Chairman of the Melbourne Stock Exchange
- In office 1960–1966

Personal details
- Born: Alfred Burdett Mellor 2 November 1915 Canterbury, Victoria, Australia
- Died: 7 April 2011 (aged 95) Kew, Victoria, Australia
- Spouse(s): Phyllis Garnham ​ ​(m. 1939; div. 1971)​ Ann Walsh ​ ​(m. 1974; died 2015)​
- Education: Carey Baptist Grammar School
- Occupation: Stockbroker; financier;

Military service
- Allegiance: Australia
- Branch/service: Australian Army
- Years of service: 1941–1946
- Rank: Lieutenant
- Unit: 7th Division
- Battles/wars: World War II New Guinea Campaign Kokoda Track Campaign; ; ;

= Alfred Mellor =

Australian stockbroker (1915–2011)

Alfred Burdett Mellor (2 November 1915 – 7 April 2011) was a stockbroker and financier who was the Chairman of the Melbourne Stock Exchange between 1960 and 1966.

Mellor was born in Canterbury where according to an interview in 2004, he had a privileged upbringing, where he lived in various stately homes that his grandparents owned. He was one of the first of 68 students to study at Carey Baptist Grammar School, matriculating in 1933 (known as a Founding Scholar at Carey).

Upon completing secondary school, Mellor was offered a role as a messenger at the stockbroking firm, J.B. Were & Sons. He would remain in that role until 1941 when he enlisted in the Australian Army.

However, during the war years, he served in the Second Australian Imperial Force (AIF) as a Lieutenant and field-gunner in the New Guinea Campaign until he was decommissioned in 1946.

After this period of service, Mellor continued his pre-war career and immediately founded his own stockbroking firm. By 1949, he was elected to the Committee of the Stock Exchange in Melbourne. In this capacity, he would be promoted to Chairman by 1960 and worked with the ANZ Bank.
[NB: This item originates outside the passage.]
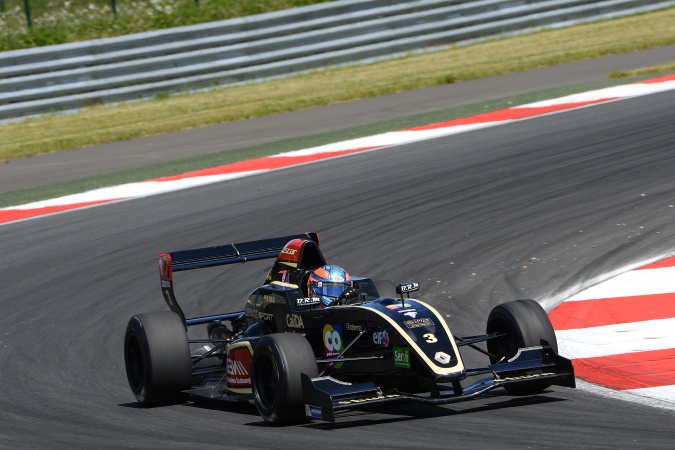 Bild: Oscar Tunjo - Josef Kaufmann Racing - Tatuus FR 2.0-13 - Renault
During the 1960s, he had a close working relationship with both Sir Robert Menzies and Harold Holt. Mellor would later become the Chairman of the Australian Associated Stock Exchanges (AASE), the precursor to the Australian Securities Exchange (ASX) in the late 1960s.

For his work in the financial sector, Mellor was awarded the Commander of the Order of the British Empire (CBE) in the Queen’s 1966 Birthday Honours List.

Outside of his work, Mellor would volunteer extensively at his former school, Carey, in a variety of capacities before his death. This included joining the School Council (board) and representing the Old Carey Grammarians Association (OCGA) for over 40 years. He would later become President of the School Council from 1972 to 1981. His later years led him to become the honorary archivist as well as being bestowed the ‘Carey Medal’ in 1999 and the Mellor Museum on the school campus being named in his honour for his services to the school community. In addition to this, Mellor was also a member of the Baptist Church, and practised his faith at Canterbury Baptist Church for many years.

Mellor eventually died at the age of 95 in Kew in 2011.